Question: Is every finite simple group a quotient of a braid group?
Context: The braid group on two strands $ B_2 $ is isomorphic to $ \mathbb{Z} $ and so the infinite family of abelian finite simple groups (cyclic of prime order) are all quotients of $ B_2 $.
The braid group on three strands $ B_3 $ is a universal central extension of $ PSL(2, \mathbb{Z}) $, $ B_3 \cong \mathbb{Z} : PSL(2,\mathbb{Z}) $. So the infinite family of finite simple groups $ PSL(2,p)\cong PSp(2,p) $ are all quotients of $ B_3 $.
This pattern continues with higher $ B_n,n \geq 3 $. There is a quotient of $ B_n $ which is a (finite index) subgroup of $ Sp(2m,\mathbb{Z}) $ for some $ m $ ($ m $ is the rank of the homology of a certain space, details given in this paper https://link.springer.com/article/10.1007/BF02566275.) And moreover if we take this subgroup mod $ p $ then we get all of $ Sp(2m,p) $. Thus we have that $ Sp(2m,p) $ for all primes $ p $ are quotients of that $ B_n $. Assuming that every integer is the $ m $ corresponding to some $ n $ then we have that every finite simple group $ PSp(2m,p) $ is a quotient of some Braid group $ B_n $.

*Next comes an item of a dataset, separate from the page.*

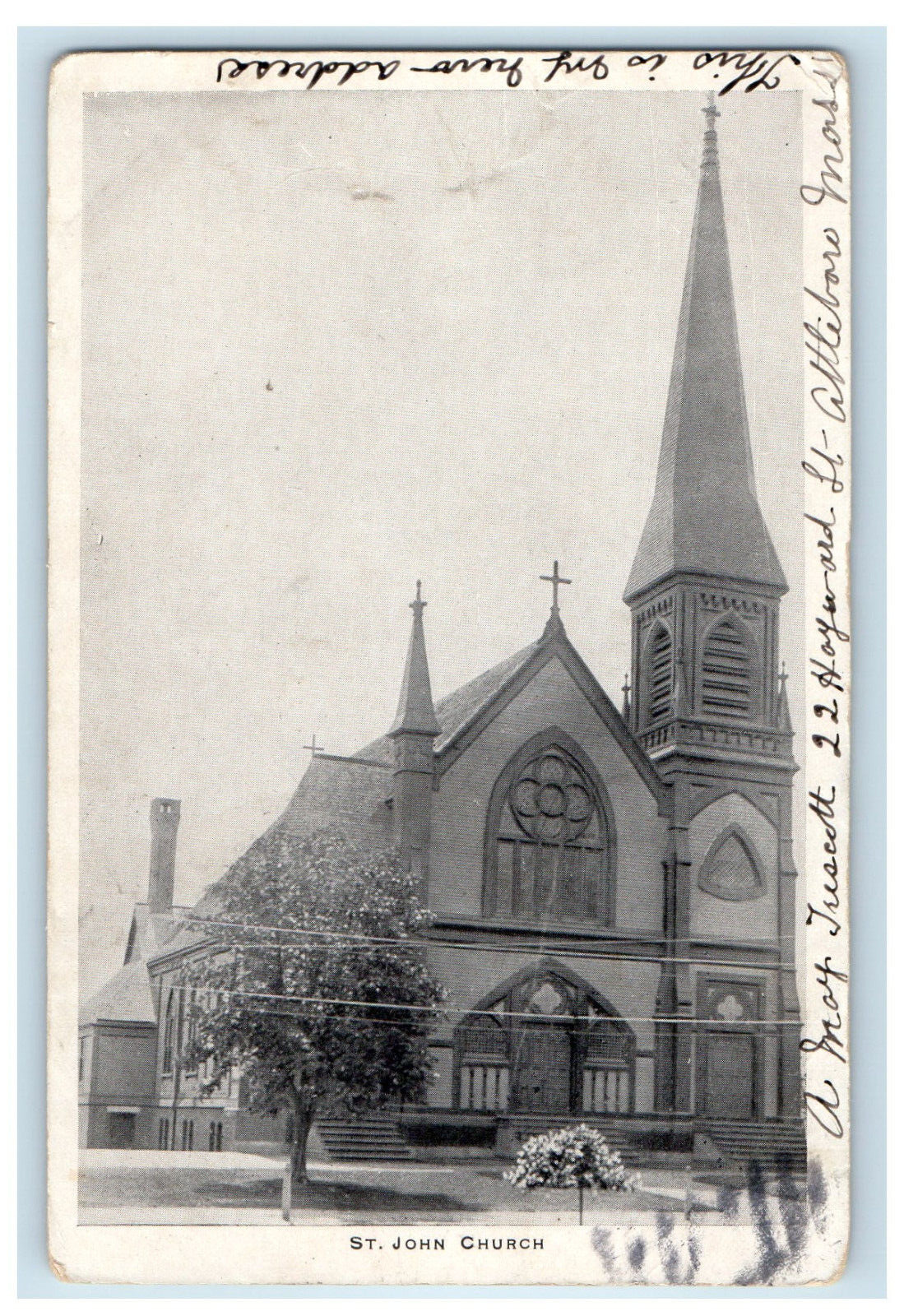 c1900s St. John Church View, Henniker NH PMC Posted Antique Postcard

Since $ PSp(2m,p) \cong PSL(2,p) $ then $ PSL(2,5) $ and $ PSL(2,7) $ are indeed quotients of $ B_3 $ and all cyclic groups are quotients of $ B_2 $. The next group to check would be $ A_6 $.
So one way to answer this question would just be to show that $ A_6 $ is not a quotient of any braid group $ B_n $.
Best Answer
The alternating group $A_6$ is not a quotient of any braid group $B_n$. This follows from direct calculation. Since $$B_n = \langle x_1, \dots, x_{n-1} \mid [x_i,x_j] = 1 ~ \text{for} ~ |i-j|>1, x_ix_{i+1}x_i = x_{i+1}x_ix_{i+1} ~\text{for}~ 1 \le i \le n-2\rangle,$$ we can enumerate homomorphisms $B_n \to A_6$ by counting $x_1,\dots,x_{n-1} \in A_6$ satisfying the braid relations. It turns out that $$|\mathrm{Hom}(B_n, A_6)| = \begin{cases}3960 &:n = 3, \\ 5400 &: n=4, \\ 360 &: n = 5. \end{cases}$$ The image of a homomorphism $B_n \to A_6$ ($n \le 5$) never has order greater than $60$. Now observe that there are exactly $|G| = 360$ homomorphisms $B_n \to A_6$ factoring as $B_n \to \mathbb Z \to A_6$. The calculation for $n=5$ demonstrates that every homomorphism $B_5 \to A_6$ has this form. Since $B_{n+1}$ is generated by two copies of $B_n$, it follows by induction that every homomorphism $B_n \to A_6$ for $n \ge 5$ factors through $\mathbb Z$ and hence generates a subgroup of order at most $5$.